Phase A verified against microsoft/aspire release/13.4 @ e258349fd49dd0fdf08f92468d79f0cfaaf13012.
Phase B exercised live aspire.dev/reference/cli/commands/aspire-agent-init/ plus the related aspire init page; live pages reflect pre-PR docs so the PR's MDX was evaluated as a blind reader.

Phase A — claim verdicts (10 total)

verdict count
verified 9
verified-with-nuance 1
contradicted 0
unverifiable 0

This PR is a careful, scoped rewrite of the same surface PR #1125 changes.
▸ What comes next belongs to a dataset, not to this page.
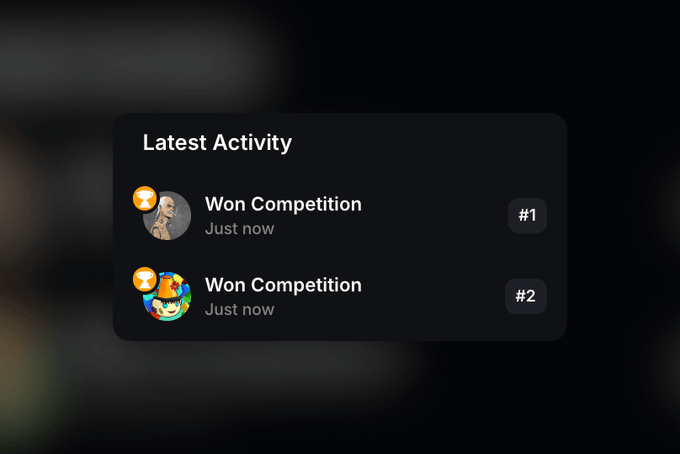 urn of gold and orange characters on a black background, with the word "LATEST ACTIVITY" at the top.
By using such as ... phrasing instead of enumerating the bundle, it avoids the bundle-enumeration contradiction that PR #1125 introduced. Bundle names cited (aspire-init, aspire-monitoring, aspire-orchestration) all exist in release/13.4's embedded aspire-skills-v0.0.1.tgz. The aspireSkillsRemoteFetchEnabled flag name and 13.4 default (false) match src/Aspire.Cli/KnownFeatures.cs:32,86-89 exactly — the source description even literally calls it "the 13.4 default". The recipe for --skills aspire-monitoring,aspire-orchestration is valid.

The only Phase A nuance is the aspireify defaulting explanation in step 2 — accurate for the standalone command documented here but not a universal rule. See inline comment on line 27.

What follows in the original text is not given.